Zain Hussain1,2, Zakariya Sheikh1, Ahsen Tahir3, Kia Dashtipour4, Mandar Gogate4, Aziz Sheikh5, Amir Hussain4. 1. Edinburgh Medical School, College of Medicine and Veterinary Medicine, University of Edinburgh, Edinburgh, United Kingdom. 2. School of Medicine, University of Dundee, Dundee, United Kingdom. 3. Department of Electrical Engineering, University of Engineering and Technology, Lahore, Pakistan. 4. School of Computing, Edinburgh Napier University, Edinburgh, United Kingdom. 5. Usher Institute, College of Medicine and Veterinary Medicine, University of Edinburgh, Edinburgh, United Kingdom.
Keywords:
COVID-19; Facebook; Twitter; artificial intelligence; deep learning; health informatics; infodemiology; natural language processing; public health; sentiment analysis; social media; vaccination
A number of vaccines for SARS-CoV-2 infection have been developed, found to be effective, and are now being rolled out at unprecedented speed and scale across the world. A major component of vaccine deployment strategies should be the use of robust surveillance systems to monitor for adverse effects following immunization (AEFIs) [1]. This is particularly important given the persisting concerns around vaccine hesitancy and that new vaccine technologies are being employed for the first time [2].Postlicensure monitoring of AEFIs primarily consists of passive surveillance, whereby reports of AEFIs are collected and statistically analyzed by regulators (eg, Vaccine Adverse Event Reporting System in the United States and Yellow Card in the United Kingdom), and also in epidemiological studies [3]. However, there has recently been growing interest in exploring the use of social media data to supplement traditional pharmacovigilance methods [4]. These techniques could be particularly beneficial in low- and middle-income countries given their underdeveloped vaccine safety surveillance systems [5,6].Recent studies have highlighted the potential of artificial intelligence–enabled social media analysis to complement conventional assessment methods, such as public surveys, and inform governments and institutions on public attitudes [7-9]. Social media analysis has yet to be used to explore commonly reported AEFIs with a vaccine against SARS-CoV-2 infection, which could help to identify potential safety signals not being identified elsewhere (eg, rarely reported side effects). Sentiment analysis can be useful to gauge public opinion around topics of interest, and peaks and valleys on sentiment trend graphs could inform deliberations on sensitivity analyses conducted prior to studies.In this study, we aimed to assess the frequency and nature of COVID-19 AEFI-related mentions on social media and analyze public sentiment toward vaccines in the United Kingdom.
Methods
Data Sources
We used data from two of the most popular and representative social media platforms, namely, Facebook and Twitter.

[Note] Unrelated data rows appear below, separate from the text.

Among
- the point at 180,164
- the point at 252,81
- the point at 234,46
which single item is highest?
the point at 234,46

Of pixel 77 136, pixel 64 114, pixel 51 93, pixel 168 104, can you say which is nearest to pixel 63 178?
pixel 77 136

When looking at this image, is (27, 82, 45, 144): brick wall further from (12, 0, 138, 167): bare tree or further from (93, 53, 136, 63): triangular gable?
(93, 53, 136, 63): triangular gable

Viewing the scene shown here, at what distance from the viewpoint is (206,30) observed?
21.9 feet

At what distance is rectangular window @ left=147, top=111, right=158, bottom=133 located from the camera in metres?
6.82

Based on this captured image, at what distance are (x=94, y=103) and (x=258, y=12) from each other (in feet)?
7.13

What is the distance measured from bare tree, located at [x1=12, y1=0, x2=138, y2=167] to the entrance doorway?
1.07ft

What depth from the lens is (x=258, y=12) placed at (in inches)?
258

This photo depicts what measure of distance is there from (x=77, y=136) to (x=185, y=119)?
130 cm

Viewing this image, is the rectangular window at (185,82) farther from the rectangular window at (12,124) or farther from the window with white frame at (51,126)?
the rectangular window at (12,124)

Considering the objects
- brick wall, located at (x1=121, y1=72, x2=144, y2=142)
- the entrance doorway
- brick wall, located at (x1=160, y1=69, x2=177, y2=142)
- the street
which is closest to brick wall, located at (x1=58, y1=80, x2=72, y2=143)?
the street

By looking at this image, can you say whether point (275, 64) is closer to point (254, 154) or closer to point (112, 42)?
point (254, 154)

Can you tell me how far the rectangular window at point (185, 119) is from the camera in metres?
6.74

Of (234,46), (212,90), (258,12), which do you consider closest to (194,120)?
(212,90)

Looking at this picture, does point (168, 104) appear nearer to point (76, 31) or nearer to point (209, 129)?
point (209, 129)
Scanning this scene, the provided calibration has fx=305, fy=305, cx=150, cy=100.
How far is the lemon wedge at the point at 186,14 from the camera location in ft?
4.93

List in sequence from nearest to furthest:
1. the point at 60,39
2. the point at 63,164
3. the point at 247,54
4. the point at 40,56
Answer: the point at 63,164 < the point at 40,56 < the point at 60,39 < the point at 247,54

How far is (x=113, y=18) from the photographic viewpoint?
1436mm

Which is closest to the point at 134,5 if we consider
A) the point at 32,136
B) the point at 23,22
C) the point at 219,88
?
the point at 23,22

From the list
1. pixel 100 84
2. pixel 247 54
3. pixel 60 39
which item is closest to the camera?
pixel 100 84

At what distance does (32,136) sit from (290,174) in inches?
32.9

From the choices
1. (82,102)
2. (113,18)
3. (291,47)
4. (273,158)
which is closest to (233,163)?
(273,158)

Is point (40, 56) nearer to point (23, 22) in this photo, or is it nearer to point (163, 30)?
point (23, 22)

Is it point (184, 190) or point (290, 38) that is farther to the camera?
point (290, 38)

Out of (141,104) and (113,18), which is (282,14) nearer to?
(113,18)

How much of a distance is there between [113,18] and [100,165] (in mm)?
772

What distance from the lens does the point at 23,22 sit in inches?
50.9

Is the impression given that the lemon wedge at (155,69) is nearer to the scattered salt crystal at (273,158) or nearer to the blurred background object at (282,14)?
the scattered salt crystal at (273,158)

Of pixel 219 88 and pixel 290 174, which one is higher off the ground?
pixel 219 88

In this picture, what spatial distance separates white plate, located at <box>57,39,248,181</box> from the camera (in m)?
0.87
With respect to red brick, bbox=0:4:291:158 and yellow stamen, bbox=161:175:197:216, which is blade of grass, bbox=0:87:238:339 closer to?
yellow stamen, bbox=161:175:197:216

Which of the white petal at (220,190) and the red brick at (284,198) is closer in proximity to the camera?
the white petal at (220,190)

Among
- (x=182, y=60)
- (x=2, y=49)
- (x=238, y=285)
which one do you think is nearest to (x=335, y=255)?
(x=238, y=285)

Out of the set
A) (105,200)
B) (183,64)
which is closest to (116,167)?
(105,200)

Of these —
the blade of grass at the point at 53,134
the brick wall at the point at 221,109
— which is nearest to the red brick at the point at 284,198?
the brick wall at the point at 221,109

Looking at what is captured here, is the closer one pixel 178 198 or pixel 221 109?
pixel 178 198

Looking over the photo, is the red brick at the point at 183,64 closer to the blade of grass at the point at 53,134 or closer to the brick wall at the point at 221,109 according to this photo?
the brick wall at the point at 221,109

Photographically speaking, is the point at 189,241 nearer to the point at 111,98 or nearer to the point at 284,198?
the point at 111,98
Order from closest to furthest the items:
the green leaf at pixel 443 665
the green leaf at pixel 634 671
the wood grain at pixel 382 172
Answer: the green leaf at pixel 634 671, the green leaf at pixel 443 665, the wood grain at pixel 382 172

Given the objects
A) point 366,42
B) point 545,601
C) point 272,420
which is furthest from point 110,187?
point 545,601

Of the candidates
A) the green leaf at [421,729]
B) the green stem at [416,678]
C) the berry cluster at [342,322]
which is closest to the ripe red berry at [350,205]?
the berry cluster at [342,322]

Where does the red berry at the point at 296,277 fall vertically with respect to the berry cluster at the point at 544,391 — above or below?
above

Facebook posts were obtained from CrowdTangle, and tweets were obtained from the COVID-19 Twitter Dataset (using a publicly available Twitter Application Processing Interface) [10,11]. We extracted English-language Facebook posts and tweets, posted in the United Kingdom from December 8, 2020 (the start of the United Kingdom’s COVID-19 vaccination campaign), to April 30, 2021, and thematically filtered these using a 2-step approach. The initial filter used predefined COVID-19–related keywords, and the resulting data set was used to assess COVID-19 AEFI-related mentions. The second filter used vaccine-related keywords, and this subset of data was used to analyze public sentiment toward vaccines and their manufacturers. A geographical filter for the United Kingdom was also applied across the data set (see Multimedia Appendix 1 for a detailed search strategy) [7].

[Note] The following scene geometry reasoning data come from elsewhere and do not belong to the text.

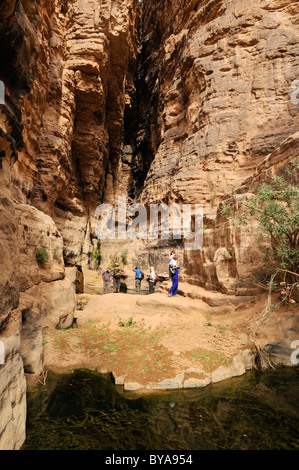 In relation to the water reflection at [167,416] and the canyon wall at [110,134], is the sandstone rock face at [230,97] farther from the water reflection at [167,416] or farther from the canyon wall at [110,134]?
the water reflection at [167,416]

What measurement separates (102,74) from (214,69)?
890 cm

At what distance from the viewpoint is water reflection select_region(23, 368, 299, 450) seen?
3.66 metres

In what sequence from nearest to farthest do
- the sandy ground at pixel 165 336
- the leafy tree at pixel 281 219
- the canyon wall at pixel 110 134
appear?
1. the canyon wall at pixel 110 134
2. the sandy ground at pixel 165 336
3. the leafy tree at pixel 281 219

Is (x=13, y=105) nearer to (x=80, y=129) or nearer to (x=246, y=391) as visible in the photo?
(x=246, y=391)

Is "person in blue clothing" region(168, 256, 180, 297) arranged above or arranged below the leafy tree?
below

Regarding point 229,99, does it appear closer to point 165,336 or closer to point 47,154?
point 47,154

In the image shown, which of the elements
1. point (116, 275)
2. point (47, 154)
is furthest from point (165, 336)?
point (47, 154)

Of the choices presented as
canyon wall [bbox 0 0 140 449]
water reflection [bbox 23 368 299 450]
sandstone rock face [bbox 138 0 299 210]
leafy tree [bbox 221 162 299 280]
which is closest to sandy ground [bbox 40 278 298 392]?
water reflection [bbox 23 368 299 450]

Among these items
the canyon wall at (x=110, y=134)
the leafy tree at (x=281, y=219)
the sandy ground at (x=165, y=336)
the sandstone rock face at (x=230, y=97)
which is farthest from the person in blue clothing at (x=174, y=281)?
the sandstone rock face at (x=230, y=97)

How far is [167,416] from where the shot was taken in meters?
4.34

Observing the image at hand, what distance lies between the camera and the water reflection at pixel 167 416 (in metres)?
3.66

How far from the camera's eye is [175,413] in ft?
14.5

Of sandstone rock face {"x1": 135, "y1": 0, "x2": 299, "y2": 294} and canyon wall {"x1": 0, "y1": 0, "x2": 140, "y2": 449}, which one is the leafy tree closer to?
Answer: canyon wall {"x1": 0, "y1": 0, "x2": 140, "y2": 449} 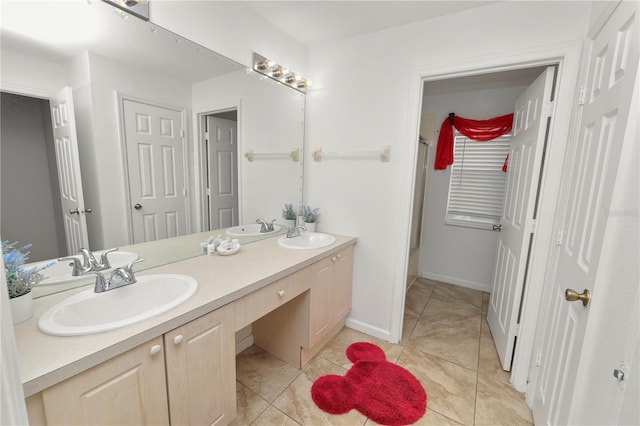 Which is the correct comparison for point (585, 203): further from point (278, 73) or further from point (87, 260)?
point (87, 260)

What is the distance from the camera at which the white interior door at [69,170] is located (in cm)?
118

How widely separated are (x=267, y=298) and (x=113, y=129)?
1146 millimetres

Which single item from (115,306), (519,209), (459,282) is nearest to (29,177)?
(115,306)

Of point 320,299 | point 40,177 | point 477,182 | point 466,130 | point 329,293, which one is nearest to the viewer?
point 40,177

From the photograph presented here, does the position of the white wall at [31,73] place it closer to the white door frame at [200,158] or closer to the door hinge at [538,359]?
the white door frame at [200,158]

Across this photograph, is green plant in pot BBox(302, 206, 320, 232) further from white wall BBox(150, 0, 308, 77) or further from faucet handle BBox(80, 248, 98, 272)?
faucet handle BBox(80, 248, 98, 272)

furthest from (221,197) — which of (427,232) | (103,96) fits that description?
(427,232)

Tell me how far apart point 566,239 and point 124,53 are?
7.92 ft

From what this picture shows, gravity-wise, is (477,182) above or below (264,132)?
below

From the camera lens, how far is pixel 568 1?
153 centimetres

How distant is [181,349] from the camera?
1.09 m

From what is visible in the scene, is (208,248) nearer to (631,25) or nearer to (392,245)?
(392,245)

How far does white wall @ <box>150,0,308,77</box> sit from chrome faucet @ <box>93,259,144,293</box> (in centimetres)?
128

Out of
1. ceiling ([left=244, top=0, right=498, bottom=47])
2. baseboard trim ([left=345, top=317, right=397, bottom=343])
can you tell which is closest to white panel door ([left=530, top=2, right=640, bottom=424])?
ceiling ([left=244, top=0, right=498, bottom=47])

Vaccine AEFI Search Strategy
Our vaccine adverse effect search strategy was informed by AEFI reports received by the Yellow Card scheme and the Vaccine Adverse Event Reporting System, the national passive surveillance pharmacovigilance systems of the United Kingdom and the United States, respectively (see Multimedia Appendix 1 for a detailed search strategy). The frequency of grouped AEFI mentions was calculated and plotted. The output combined results from the Facebook and Twitter data sets (which had the “initial” filter applied) and represented them using horizontal stacked bar charts. The distribution of user posts was also obtained using descriptive statistics and density distribution plots.
Hybrid Ensemble Model
We also adapted and utilized our recently developed hybrid ensemble model (Figure 1), which combines state-of-the-art lexicon rule–based and deep learning–based approaches, to analyze sentiment trends relating to the main vaccines and their manufacturers since their rollout in the United Kingdom. Sentiment trend graphs were plotted, and average sentiment was calculated.
Figure 1
Hybrid ensemble sentiment analysis framework. BERT: Bidirectional Encoder Representations from Transformers; VADER: Valence Aware Dictionary for Sentiment Reasoning.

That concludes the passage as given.